When you give Claude Code a complex assignment, you see the result. What you do not see is everything that happens in between. An agent that splits itself up, manages its own memory, carries out work that survives beyond the conversation and decides for itself when it is done. That mechanism is not magic. It is design.
The heartbeat of an agent
An agent does not work linearly. It works in a cycle: execute an action, look at the result, decide what comes next, repeat. That cycle does not stop at a fixed point, it stops when the agent itself decides the task is complete. That is the fundamental difference from a script that is worked through step by step.
In practice this means that a complex task runs through tens or even hundreds of cycles before it is finished. Each cycle is a decision point: what have I just seen, what do I do now?
What struck me early on: when building the website, the developer agent worked blind at first. It wrote code but did not see the result. I noticed the layout was wrong and had to keep describing what was going wrong myself. After some research and working through a tutorial, I found the solution: install the Playwright MCP plugin and explicitly give the agent the tools to open a browser and take a screenshot. Once those tools were available, its way of working changed entirely. After each visual step it took a screenshot, examined the result and decided on the basis of what it saw whether it could continue. Like a designer who pulls a proof before approving a version.

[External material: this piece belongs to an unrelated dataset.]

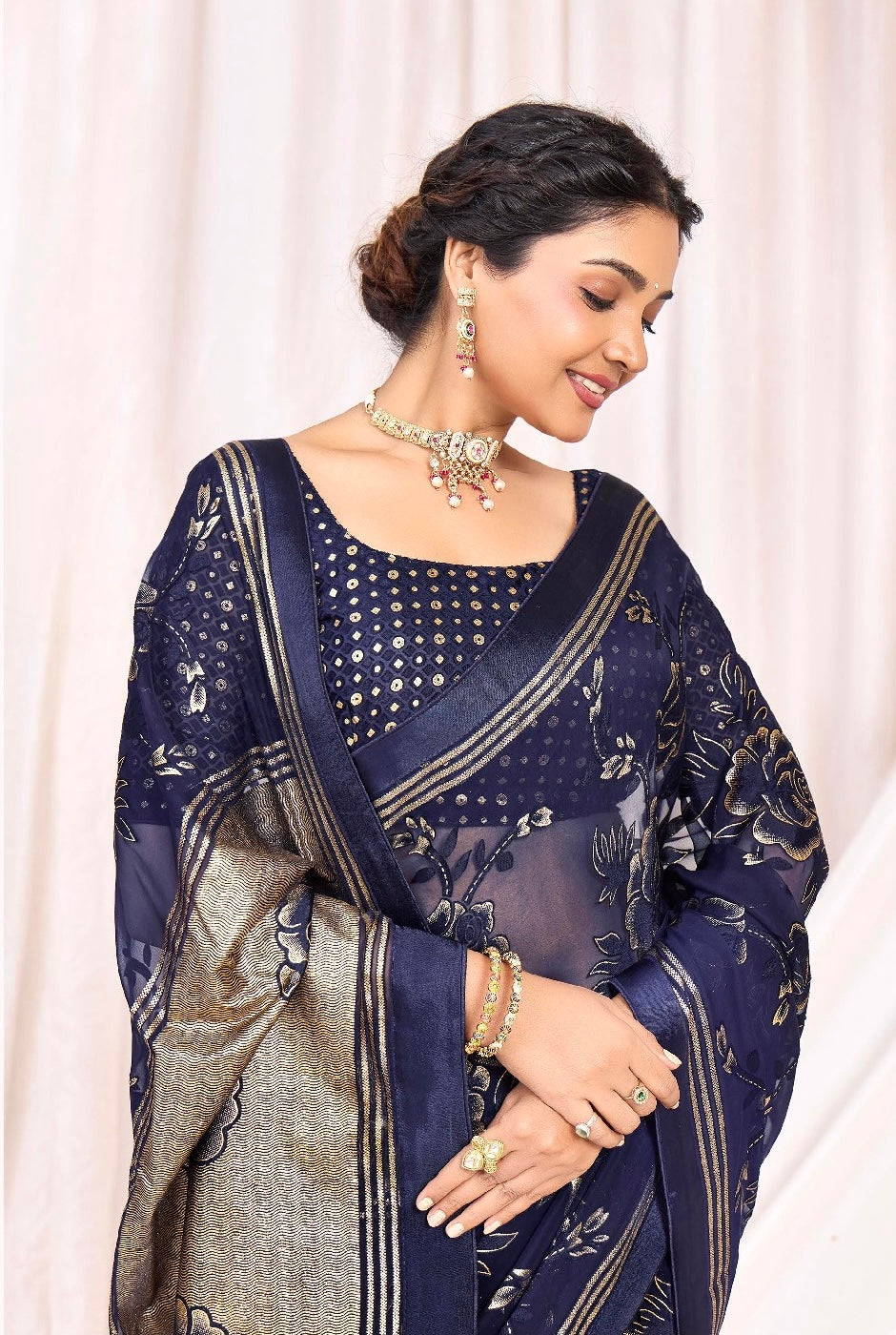 Pure Brasso fabric with Exclusive Deep Navy Blue colored Designed with Featuring Interactive Gold & Silver Foil Touch with Rich Traditional Border Ideal for Day to Evening Events.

That single insight taught me something broader: an agent is as autonomous as the tools you give it. No more, no less.
Breaking down large tasks without losing the overview
Giving a complex assignment to one agent all at once does not work. Not because the model cannot handle it, but because the main agent loses all its attention in the details. Every file read, every API call, every intermediate result piles up in its working memory.
The solution is subagents. The main agent breaks the task into parts and delegates each part to a subagent with its own clean context. That subagent executes its part, sometimes tens of steps deep, and returns only the final result. All the intermediate noise disappears. The main agent keeps oversight without needing to see every detail.
When building the Campaign Hub, the developer agent worked this way. Separate subagents for the database migration, the API layer and the webhook integration. Each with its own clearly defined task. The main agent received three answers, not three hundred intermediate steps.
This is how you instruct a good human employee too: give context, define the result, trust the process.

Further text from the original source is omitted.